Let’s get back into the swing of things with a mini-series on Skype Operations Framework.

I’ve no idea how many will be in this series. But I expect 5 in total (I don’t aim to go too deep). So as a SOFt start to this series, I’ll be easing myself back in SOFtly with an ‘Introduction’. Along with as many puns as I can fit in.


“Skype Operations Framework” (SOF) – firstly let’s break that down word by word, starting with Framework.

What is a Framework? – Well, generally speaking a Framework defines a structure for something, a logical way to classify, segment, and categorise. Because we’re in the IT Industry, you’ve probably heard of the following acronyms…

ITSM (Information Technology Service Management) – guides, activities, policies, and procedures for companies providing IT-based services (be that an internal IT service to staff, or a service provider with customers) covering areas such as ‘plan, design, deliver, operate, and control’ (these will sound familiar later).

ITIL (Information Technology Infrastructure Library) – a set of documents / books that describe a particular approach to ITSM that aims to align closer to business requirements. Originally created by the UK Government, this library is broken down into the following broad areas – Strategy, Design, Transition, Operation, and Continual Improvement – often depicted as a ‘circle’ with Improvement feeding back into Strategy (this will also sound familiar later).

PRICE2 (PRojects IN Controled Environments version 2) – a Project Management methodology (posh word for a more practical sense of a Framework) based on breaking down any project into manageable stages and controlling the transition between those stages. Also originally created by the UK Government, divided into 7 principals, covers 7 themes, and includes 7 processes. (Somebody thought 7 was a lucky number, and three 7’s even more-so).

… and so on.

In a way, they all are based on the same premise, they are each a set of standard approaches, best practices, with commonly accepted outputs, having defined structure and a notion of success criteria. These are all essentially a written form of common sense (mostly), but also based on a huge wealth of experience. Following a Framework should be seen as following a well-known and accepted set of guidelines on how to conduct yourself through the project, or during the delivery of a service.
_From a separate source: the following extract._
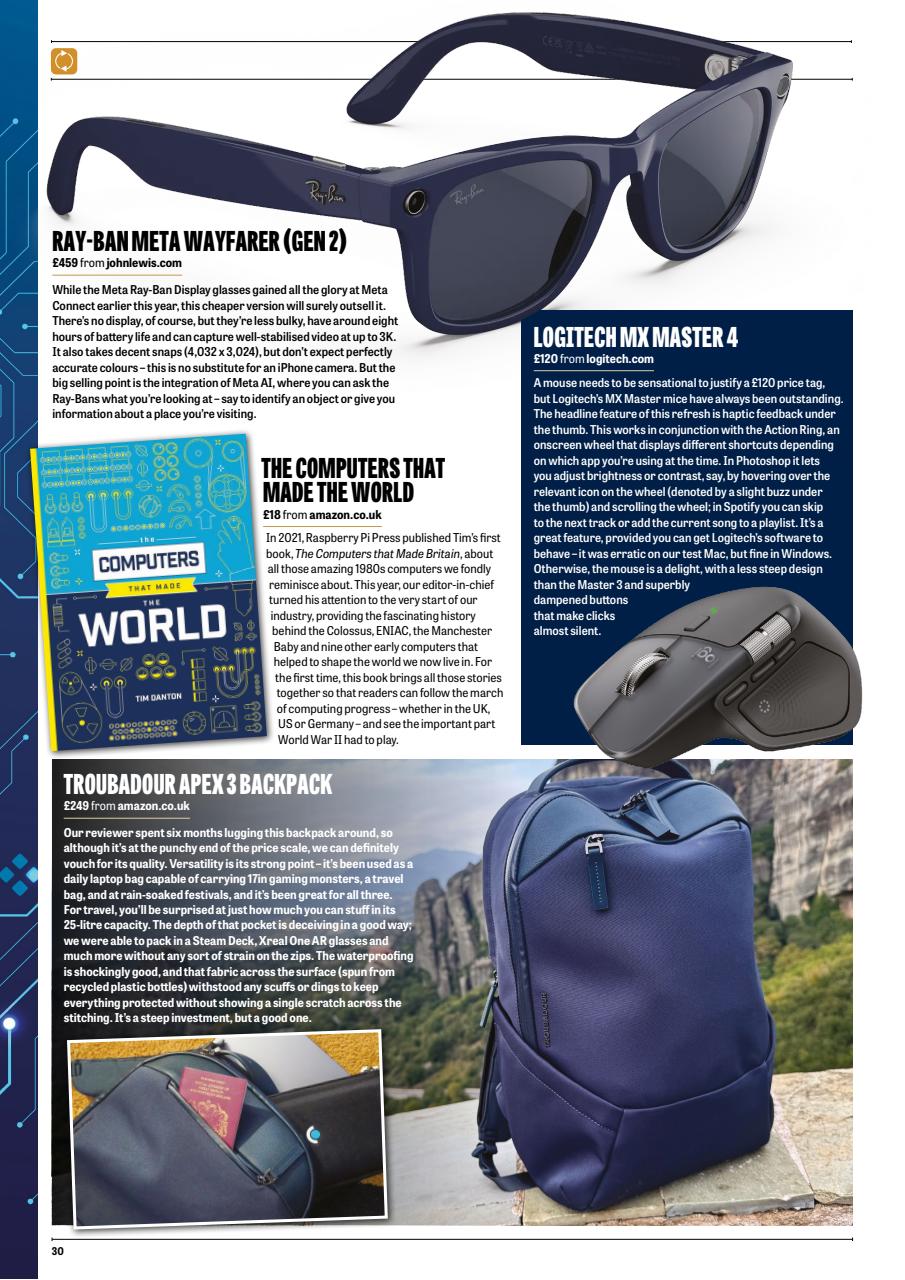 PC Pro Preview Pages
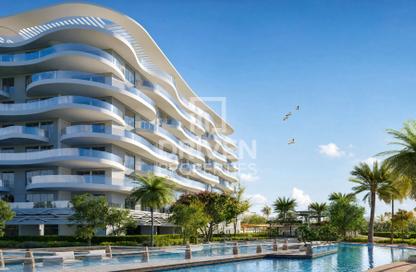Apartment - 2 - 2 for sale in Lagoon Views 11 Tower D - Lagoon Views 11 - Lagoon Views - Damac Lagoons - Dubai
In this case, the meaning of Operations is fairly literal, but where project would be too short-sighted, and service would be too vague. Operations cover all the activities from the beginning, during, and around the involvement of… the next word…

Skype (for Business)
Phew, back to familiar ground.

So, right, ok… pleasantly vague so far, it only gets better from here.


In my opinion, calling Skype Operations Framework (I’ll call it SOF from now on)… so, calling SOF a Framework… isn’t strictly true in the same sense as the above examples. Due to the focus of SOF being purely one specific service, e.g. Skype for Business Online. The guidance given is therefore able to be much more specific than the general notions, outlines, and the ideals threaded through ITSM and PRINCE2 allowing them to be used in any project or service delivery.
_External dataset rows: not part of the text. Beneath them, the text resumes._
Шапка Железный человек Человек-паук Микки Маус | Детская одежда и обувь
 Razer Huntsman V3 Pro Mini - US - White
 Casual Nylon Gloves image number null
To that end SOF reads more like a run-book, or a play-by-play action-plan for conducting an engagement. Aimed directly at companies to follow, as well as Microsoft Partners to lead with, this is a double edged sword – as in some cases it helps the less experienced or hesitant companies gain reassurance, it also restricts others that have developed their own frameworks and engagement processes around Skype for Business meaning they have to adapt, rename, or cross-reference relevant sections with their own to make MicroSOF happy (see what I did there?).

SOF is presented as a downloadable and searchable library of assets, i.e. Word Documents, PowerPoint Presentations, Spreadsheets, and Scripts. Take a peek at tick the ‘Download All’ checkbox and click ‘Download’, soon an archive, approximately 820MB compressed – weirdly only 809MB once extracted, will whizz it’s way onto your computer. Ready for you when you fancy some light reading.

Fluffy Words

Get ready to be turned off by business speak as you go through the assets (i.e. the downloaded files), there is a lot of duplication in the assets too, as each document includes ‘what is SOF’ and ‘introduction’ sections that you’ll soon know off-by-heart.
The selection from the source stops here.